Filistin’in, “İsrail” olarak gösterilen 1948’de işgal edilmiş bölgesinde gerçekleştirilen faili meçhul cinayetlerde ve polisin veya istihbarat elemanlarının planlı cinayetlerinde onlarca Filistinli genç şehit edildi. Bunların sonuncusu da 15 Mart sabahı, Musta’rabin olarak isimlendirilen ve işgal rejiminin istihbarat teşkilatına bağlı, Arap kıyafetleri giyerek kendilerini kamufle eden birimi tarafından şehit edilen Sind Salim El-Herbed oldu. El-Herbed 1948’de işgal edilmiş kısmın güney kesiminde yer alan Nakab bölgesindeki Rahat şehrinde, işgal rejiminin iç istihbarat teşkilatı Şabak’ın gözetiminde gerçekleştirilen bir cinayetle şehit edildi.
İşgal rejimi bütün bu cinayetlerin üzerine gitmediği için söz konusu cinayetler sürekli artıyor. Katiller de ellerini kollarını sallayarak dolaşmaya devam ediyorlar.
Bütün bu cinayetlerin amacı ise 1948 Bölgesi’ndeki Filistinlileri korkutmak, bıktırmak ve göçe zorlamak. Bu da İsrail işgal rejiminin ırkçı tasfiye politikasının bir başka yönünü oluşturuyor.
İşgal rejiminin karanlık cinayetlerinde şehit edilenlerden Ahmed Hicazi’nin kardeşi Cibr Hicazi, Arab48 haber sitesine yaptığı açıklamada, İsrail polisinin ve istihbaratının gerçekleştirdiği cinayetler hakkında uluslararası soruşturmalar yapılmasının önemli olduğunu belirterek, bu soruşturmaların işgal güçlerinin söz konusu cinayetlerinin önüne geçebileceğini ifade etti.
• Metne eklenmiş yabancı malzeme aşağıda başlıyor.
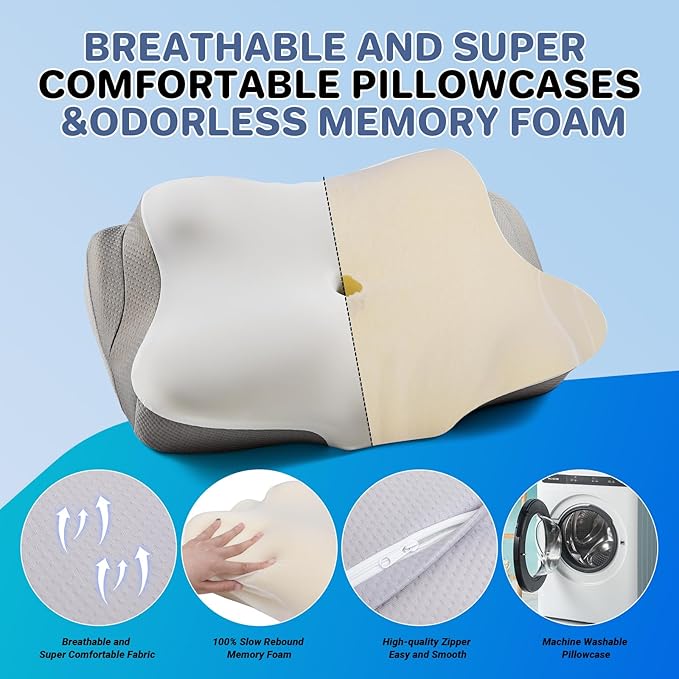 Cervical Neck Pillow for Sleeping, Memory Foam Pillows Ergonomic Contour Bed Pillow Side Sleeper Pillows for Adults, Neck Support Pillow for Back Stomach Sleepers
Hicazi uluslararası baskının işgal rejimi polisinin ve istihbaratının bu tür cinayetler gerçekleştirmesine engel olabileceğini dile getirerek, söz konusu cinayetlerde öldürülenlerin ailelerine uluslararası yargı ve soruşturma talebinde bulunma yollarının kolaylaştırılmasını isterken, öldürülenlerin ailelerine de bu konuda bütün imkanları değerlendirmeleri çağrısı yaptı.
Hicazi, yılda arka planında işgal polisinin ve istihbaratının yer aldığı ortalama 100 cinayet işlendiğini bu yüzden çok sayıda kadının dul, yüzlerce çocuğun yetim kaldığını hatırlattı.